1

For a particular script I'm running, I need to have installed from nltk the following packages:

req_modules = ['punkt', 'stopwords', 'averaged_perceptron_tagger', 'maxent_ne_chunker']

I know I can check whether stopwords is downloaded, like this:

import nltk
import os

if 'stopwords' in os.listdir(nltk.data.find('corpora')):
    print(True)
else:
    print(False)

For me, since I've used stopwords before, this works. However, I want to be able to programmatically check if the other three modules are installed, eventually using something like:

if not all(m in os.listdir(nltk.data.find('models')) for m in ['punkt', 'averaged_perceptron_tagger', 'maxent_ne_chunker']:
    # download the ones that aren't already downloaded

They are all labeled as modules in the downloader accessed at nltk.download(). This should be an easy lookup, so I tried something like this to get all downloaded subpackages in one list:

all_downloaded = os.listdir(nltk.data.find("corpora")) + os.listdir(nltk.data.find("models"))

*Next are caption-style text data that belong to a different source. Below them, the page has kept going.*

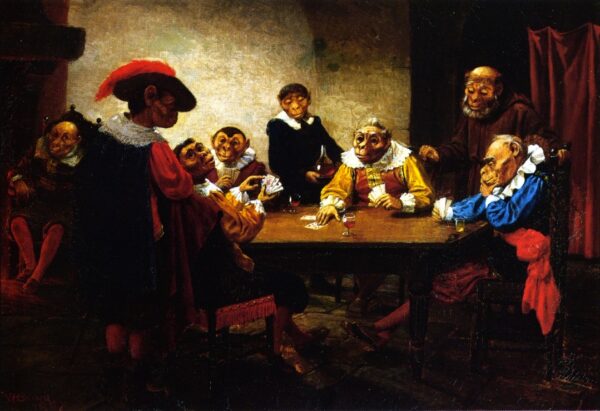 The Poker Game by William Holbrook Beard, hand-painted oil painting reproduction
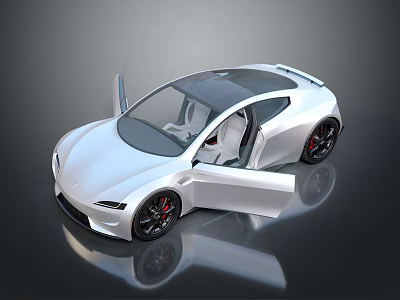 Stylish White Sports Car with Open Scissor Doors and Modern Sleek Design 3d model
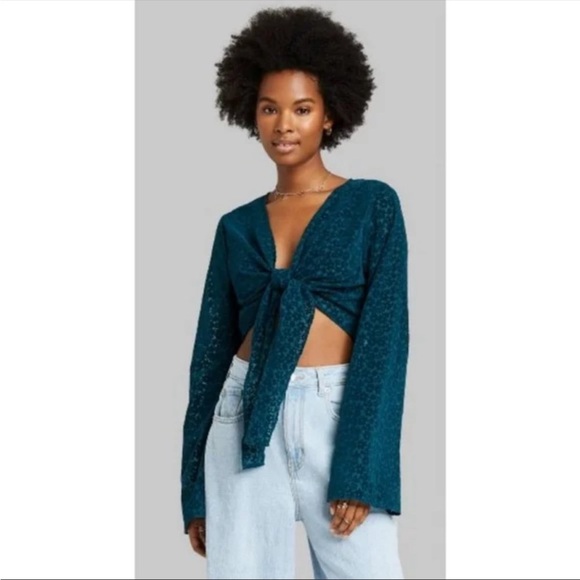 Wild Fable brand Teal Velvet Floral Cropped Tie Front Bell Sleeve Top ✨ - Picture 2 of 11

But I get the LookupError: Resource 'models' not found. How can I search the 'models' tab in nltk.data just like I can search 'corpora'? I assume the naming conventions for finding these resources is the same, as "corpora" is the same name of the tab seen in the downloader below

enter image description here

Edit:

Taking into account the suggestion below, I tried the code below, but still get an ImportError, even though I have exception-handling. What is going on there?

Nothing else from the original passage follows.